- Born: February 13, 1945 (age 81) Rochester, New York, U.S.
- Education: University of Rochester; New York University;
- Occupations: Author; art historian; museum curator;
- Years active: 1970–present
- Employers: Museum of Modern Art (MoMA); Walker Art Center; Whitney Museum of American Art; Solomon R. Guggenheim Museum; Smithsonian American Art Museum;
- Known for: Establishing film and media arts in museums, Nam June Paik scholarship
- Notable work: The Worlds of Nam June Paik (2003); We Are in Open Circuits (2019);

= John Hanhardt =

American author and art historian (born 1945)

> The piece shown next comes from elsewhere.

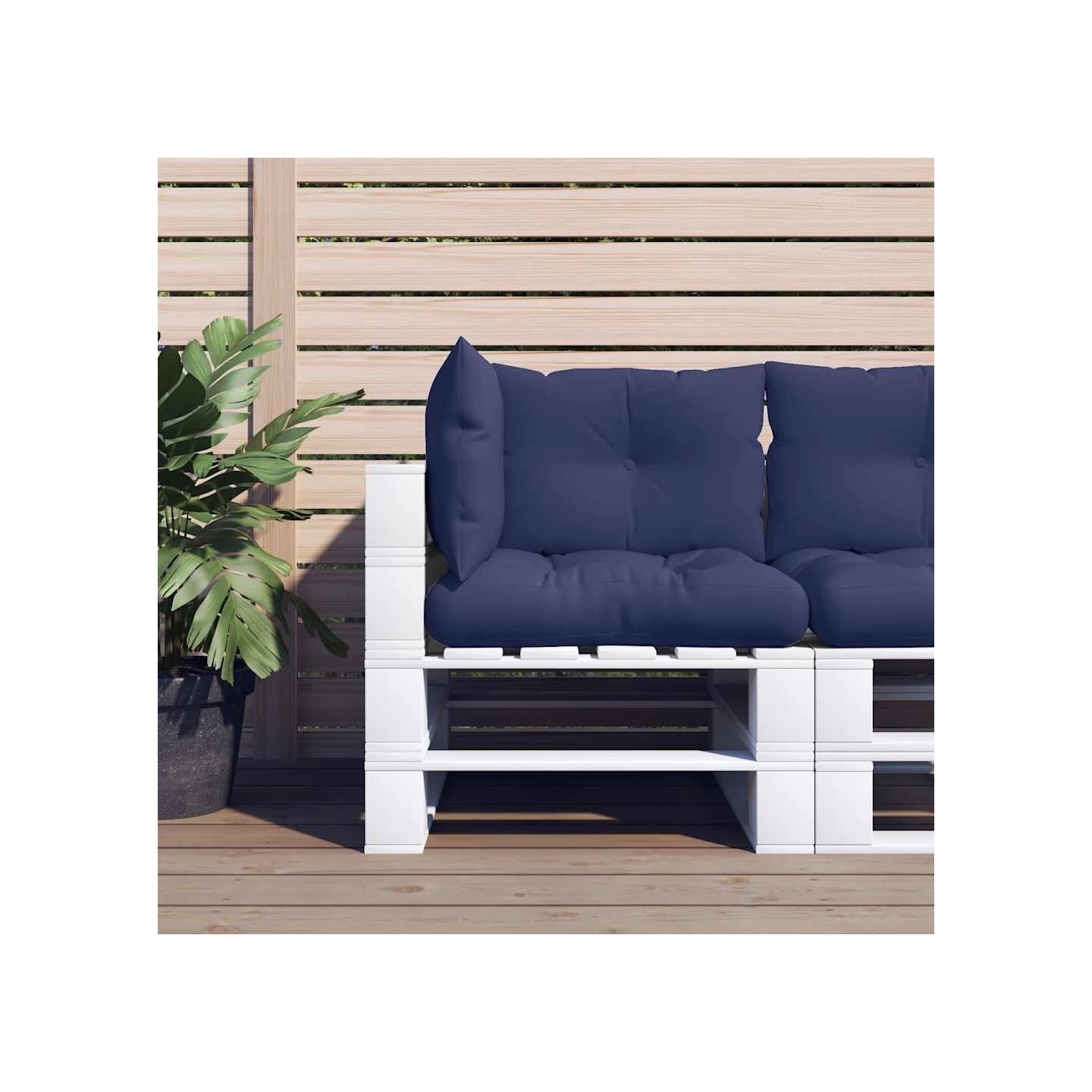 Coussins de palette lot de 3 bleu marine tissu oxford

John G. Hanhardt (born February 13, 1945) is an American author, art historian, and curator of film and media arts. Hanhardt was the Consulting Senior Curator for Media Arts at the Smithsonian Museum of American Art, where he developed exhibitions, collections, and archives in film and the media arts.
He is considered to be one of the leading scholars on video artist Nam June Paik.

==Personal life==
Hanhardt grew up in Rochester, New York. He received his bachelor's degree from the University of Rochester in 1967, and his master's degree and additional graduate work (ABD) in cinema studies from New York University in 1970.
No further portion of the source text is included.